Building OpenCode: AI Coding Tools, Open Source Strategy, and the Reality of Engineering with AI
Published on 28.05.2026
Building OpenCode with Dax Raad
TLDR: Dax Raad, co-founder of OpenCode, discusses how his AI coding tool went from 650,000 to nearly 8 million monthly active users in just a few months, why open source positioning mattered more than raw execution speed, and why he remains genuinely skeptical about confident AI predictions even while building one of the most popular AI coding harnesses around.
Summary: There is something refreshing about talking to someone who is building an AI product and still maintains a healthy dose of skepticism about what AI actually changes. Dax Raad is that person. OpenCode grew at a pace that looks absurd in retrospect: months, not years, to go from a niche terminal tool to one of the most-used AI coding harnesses on the market. And yet Dax's honest answer to the question "has AI made your job easier?" is something like "yes, but I still feel like I'm thinking just as hard as I ever did."
His framing for that is worth sitting with. Pre-AI, he estimates he spent roughly 95% of his energy on thinking and 5% on doing. Now it's maybe 96% thinking and 4% doing. A 20% improvement in execution, mathematically. But day to day it feels identical, because the thinking part is still the hard part. This is not a criticism of AI tools. It is an observation that the hardest part of engineering, figuring out what to build and why, does not get automated away.
OpenCode's growth story is also not primarily a technical story. The team noticed something obvious that others had apparently overlooked: every major developer tool is open source. Vim, VS Code, Git, Linux, the list goes on. And yet no AI coding agent had planted a flag in the open source category. Dax and his team focused on that positioning, and as he puts it, "get positioning right and the world just keeps handing you wins you didn't expect." That said, the early product was not perfect. OpenCode's harness was, by Dax's own admission, merely good enough for the first five months.
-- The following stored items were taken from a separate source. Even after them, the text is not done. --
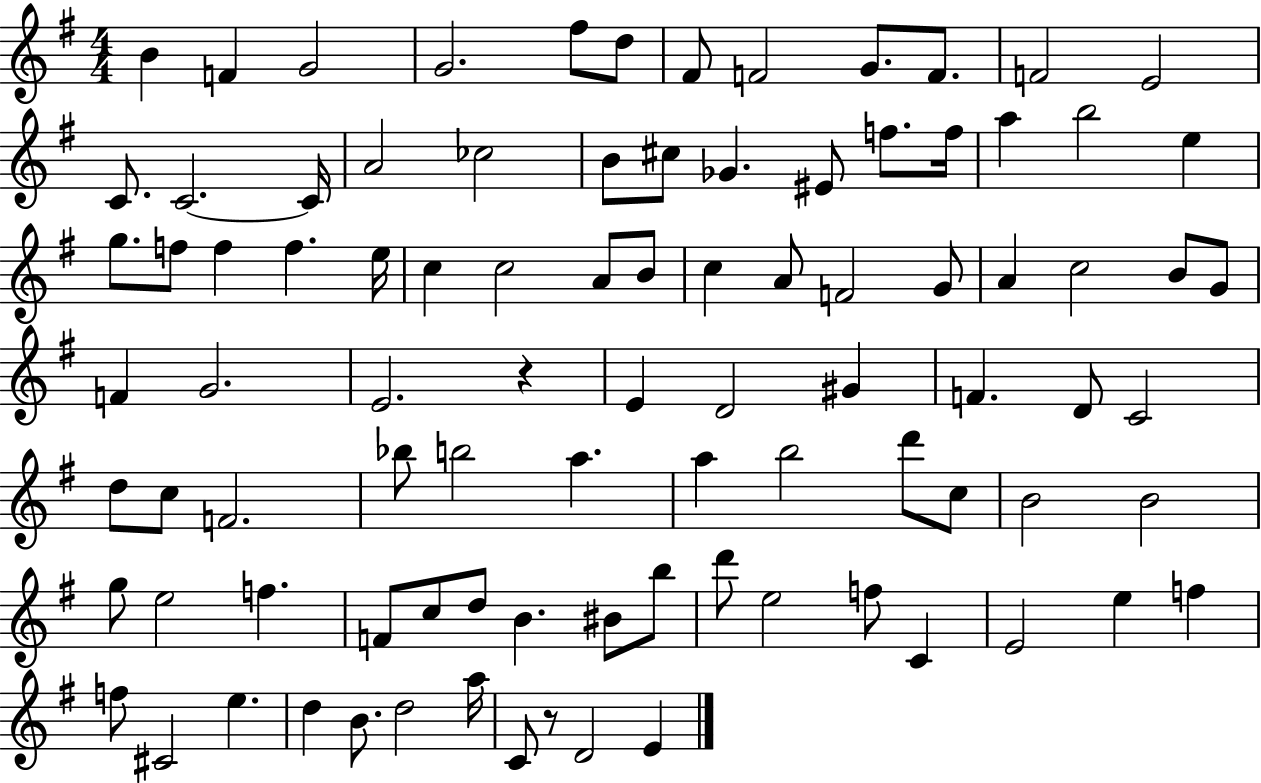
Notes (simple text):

B4/q F4/q G4/h G4/h. F#5/e D5/e F#4/e F4/h G4/e. F4/e. F4/h E4/h C4/e. C4/h. C4/s A4/h CES5/h B4/e C#5/e Gb4/q. EIS4/e F5/e. F5/s A5/q B5/h E5/q G5/e. F5/e F5/q F5/q. E5/s C5/q C5/h A4/e B4/e C5/q A4/e F4/h G4/e A4/q C5/h B4/e G4/e F4/q G4/h. E4/h. R/q E4/q D4/h G#4/q F4/q. D4/e C4/h D5/e C5/e F4/h. Bb5/e B5/h A5/q. A5/q B5/h D6/e C5/e B4/h B4/h G5/e E5/h F5/q. F4/e C5/e D5/e B4/q. BIS4/e B5/e D6/e E5/h F5/e C4/q E4/h E5/q F5/q F5/e C#4/h E5/q. D5/q B4/e. D5/h A5/s C4/e R/e D4/h E4/q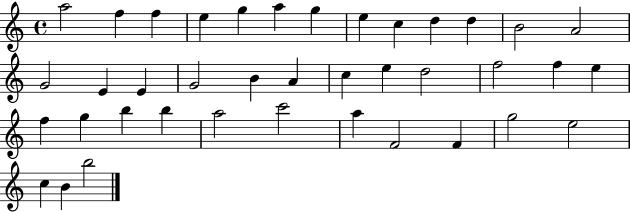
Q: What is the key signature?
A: C major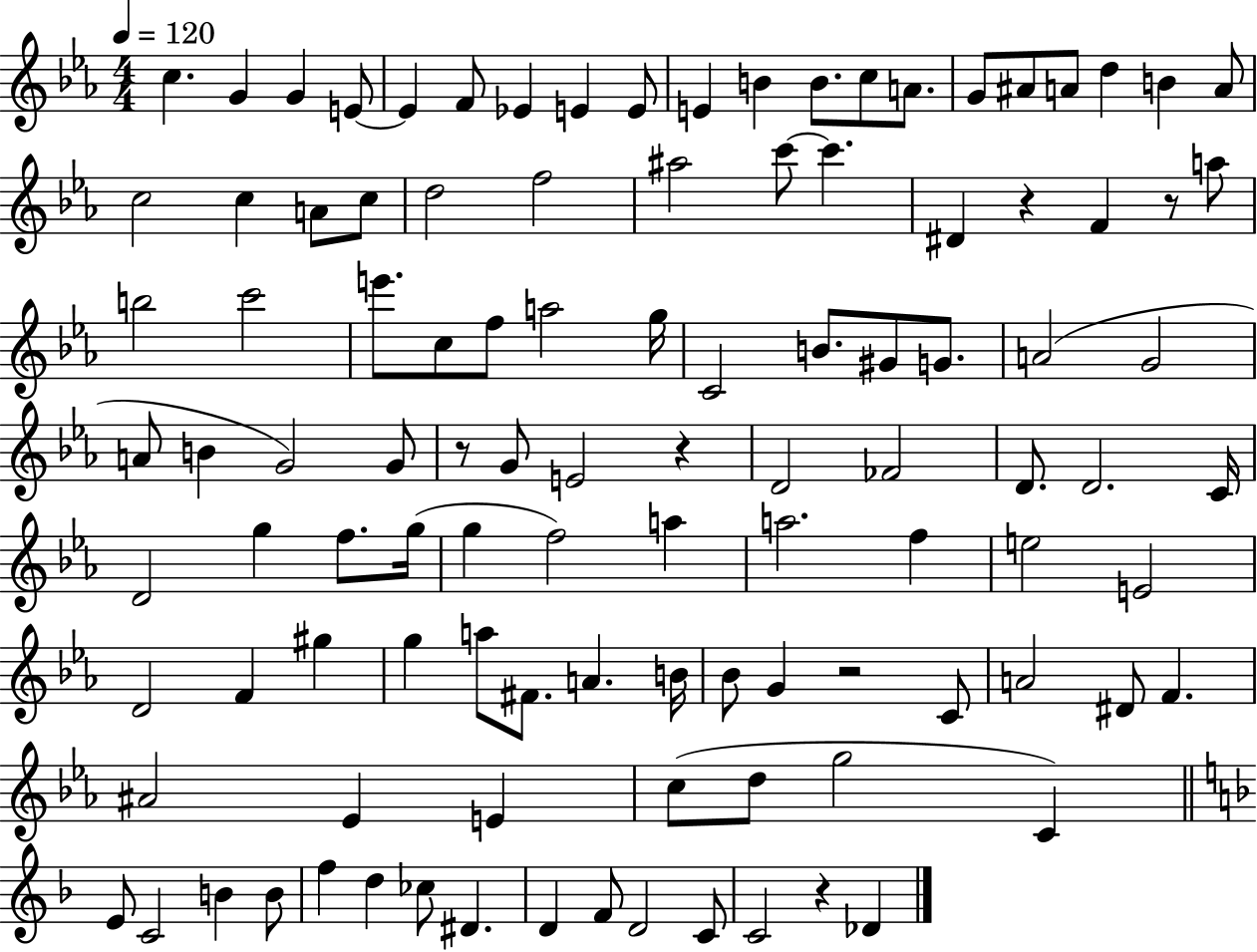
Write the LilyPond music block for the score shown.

{
  \clef treble
  \numericTimeSignature
  \time 4/4
  \key ees \major
  \tempo 4 = 120
  c''4. g'4 g'4 e'8~~ | e'4 f'8 ees'4 e'4 e'8 | e'4 b'4 b'8. c''8 a'8. | g'8 ais'8 a'8 d''4 b'4 a'8 | \break c''2 c''4 a'8 c''8 | d''2 f''2 | ais''2 c'''8~~ c'''4. | dis'4 r4 f'4 r8 a''8 | \break b''2 c'''2 | e'''8. c''8 f''8 a''2 g''16 | c'2 b'8. gis'8 g'8. | a'2( g'2 | \break a'8 b'4 g'2) g'8 | r8 g'8 e'2 r4 | d'2 fes'2 | d'8. d'2. c'16 | \break d'2 g''4 f''8. g''16( | g''4 f''2) a''4 | a''2. f''4 | e''2 e'2 | \break d'2 f'4 gis''4 | g''4 a''8 fis'8. a'4. b'16 | bes'8 g'4 r2 c'8 | a'2 dis'8 f'4. | \break ais'2 ees'4 e'4 | c''8( d''8 g''2 c'4) | \bar "||" \break \key f \major e'8 c'2 b'4 b'8 | f''4 d''4 ces''8 dis'4. | d'4 f'8 d'2 c'8 | c'2 r4 des'4 | \break \bar "|."
}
Once they had market share, they went back and made it good. That sequence, position first then optimize, is worth remembering.
One of the sharpest observations from the conversation is about what happens to engineering culture when AI makes shipping features cheap and fast. Dax describes a pattern where some engineers just pump out AI-generated code without thinking critically about quality, while motivated engineers who care about craftsmanship end up drowning in slop PRs and mounting tech debt. He frames this as an engineering leadership problem. Most leadership doesn't notice it because the output numbers look fine. But the people who care are burning out, and the codebase is degrading in ways that don't show up on a velocity dashboard.
The flip side of that concern is Dax's surprisingly optimistic take on refactoring. AI makes dealing with tech debt cheaper than it has ever been. Asking an agent to apply a new pattern across an entire codebase, something that would have taken weeks before, can now happen in hours. His point is that teams should be doing far more refactoring than they currently are, and the excuse of "it takes too long" no longer holds. He also makes an interesting observation about older enterprise patterns, domain-driven design, verbose design patterns, and strict separation of concerns, coming back into fashion. These patterns fell out of favor partly because they were tedious to write by hand. But they work well when you have junior developers, or when you have agents that need clear guardrails and strong structure to work within.
Key takeaways:
- Open source positioning was the real growth driver for OpenCode, not technical superiority or faster execution
- AI has not changed the thinking-to-doing ratio in any meaningful way for experienced engineers, the hard work is still the thinking
- Motivated engineers who care about quality are at risk of burning out when teammates use AI to generate large volumes of low-quality code
- Tech debt cleanup has never been cheaper, and teams should be doing far more of it
- Confident predictions about AI often tell you more about the person making them than about the future
- Old-school enterprise patterns like domain-driven design are gaining relevance again now that agents need structured, explicit codebases to work effectively
Why do I care: This conversation hits close to home because it names something I have been noticing but struggling to articulate. AI tools are genuinely useful, but they have not reduced the cognitive load of building good software. What they have done is make it very easy to generate a lot of code fast, which turns out to be a double-edged thing. The teams that win with AI will be the ones that stay disciplined about what they build and invest in code quality even when speed is technically an option. The framing of "motivated engineers drowning in slop PRs" is not abstract to me. It is a real risk at any company that measures output by feature count rather than by code health. Dax's point about refactoring being cheap now is the practical antidote, and it deserves more attention than it usually gets.